COLUMBUS — In the opening drive of Ohio State’s 28-17 win over Penn State on Saturday, the Buckeyes ran the ball on 12 of 13 snaps, and all 91 yards on the drive came via the ground. The drive ended in a touchdown for the Buckeyes, giving them a 7-0 lead.
Seemingly everyone was expecting to see Ohio State come out throwing the ball as that’s what Penn State’s defensive weakness was supposed to lead to, but it was the Ohio State run game that carried them throughout the game.
And the tone was set very early.
Penn State came into the game on Saturday as the No. 4 rush defense in the country and tops in the Big Ten, allowing an average of just 75.9 yards rushing per game. Their 2.2 yards per carry allowed were the best in the nation.
The Buckeyes finished the game with 229 yards on the ground on Saturday in a season-high 61 attempts.
Penn State’s defense held Ohio State well below their season average in both yards and yards per carry, but that never deterred Buckeye head coach Ryan Day from leaning on the ground game.
In the first half alone, Ohio State had 32 rushing attempts for 147 yards for an average of 4.6 yard per rush in comparison to its 14 passing attempts for 108 yards.
For comparison, the Buckeyes came into the matchup as the No. 2 run defense in the conference and No. 5 in the country just behind Penn State in both categories. At the half, Penn State had 11 yards rushing on 10 attempts for an average of 1.1 yards per carry. They finished the game with 99 yards rushing on 37 attempts for 2.7 yards per carry.
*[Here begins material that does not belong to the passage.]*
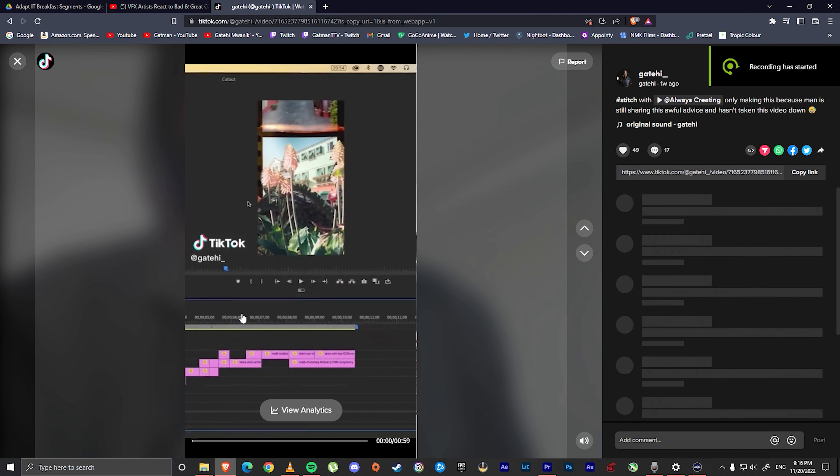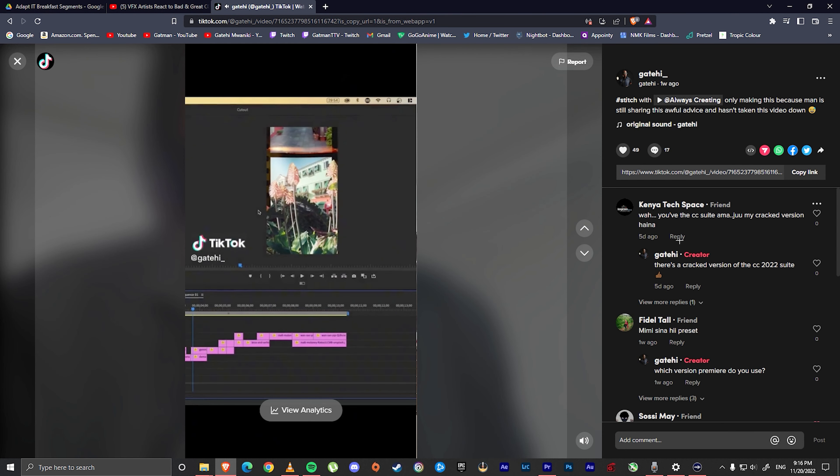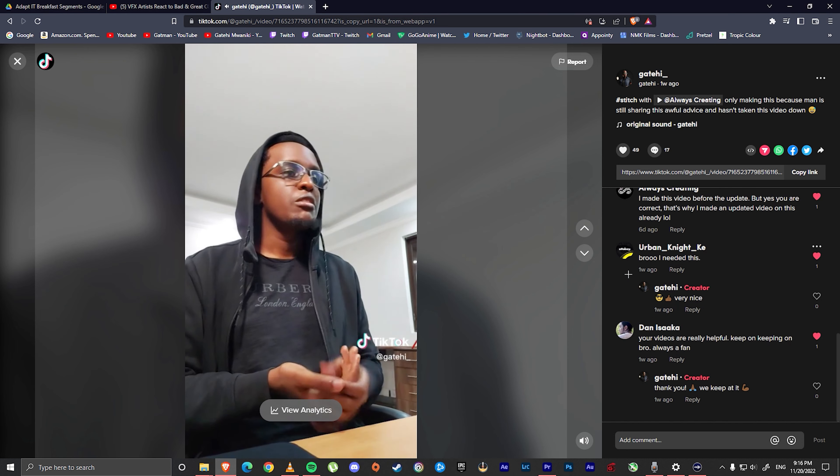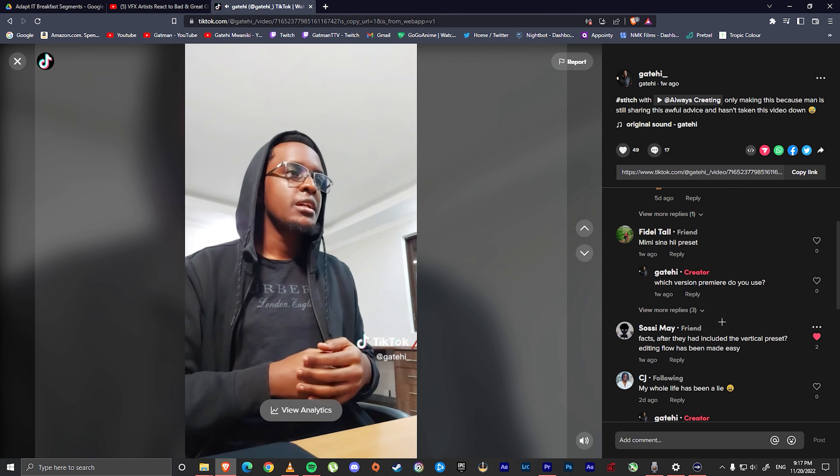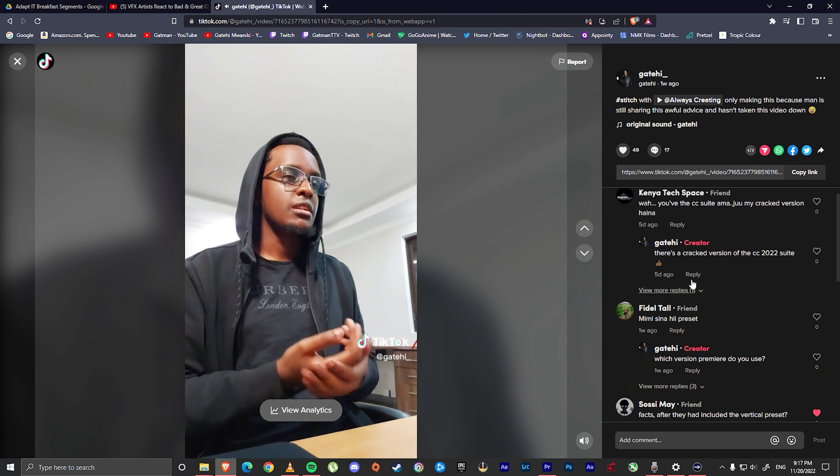I made a TikTok video the other day and in the comments people were saying things like 'I didn't know about this' or 'I never knew, thanks for this,' and I was like, wait — people are not using workspaces? So let me make a video about it, so here we are. I started using workspaces sometime earlier this year because I realized that reorganizing the whole Premiere layout is a hassle, especially for creating content for vertical platforms like Instagram Reels, TikToks, and Stories.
The Buckeyes were dominant in their ability to stop the run, and they in turn moved the ball on the ground more than well enough, and it was junior running back JK Dobbins yet again leading the way for Ohio State.
Dobbins finished the game with 157 yards and two touchdowns on a season-high 36 attempts.
With his performance on Saturday against Penn State, Dobbins also passed 1995 Heisman Trophy winner Eddie George for third place on Ohio State’s career rushing list with 3,902 career rushing yards, sitting just behind Ezekiel Elliott at 3,961.
“JK’s been a guy who has produced for us for three years so he’s been super consistent, and you know, I think he needed that,” sophomore center Josh Myers said of the workload on Saturday.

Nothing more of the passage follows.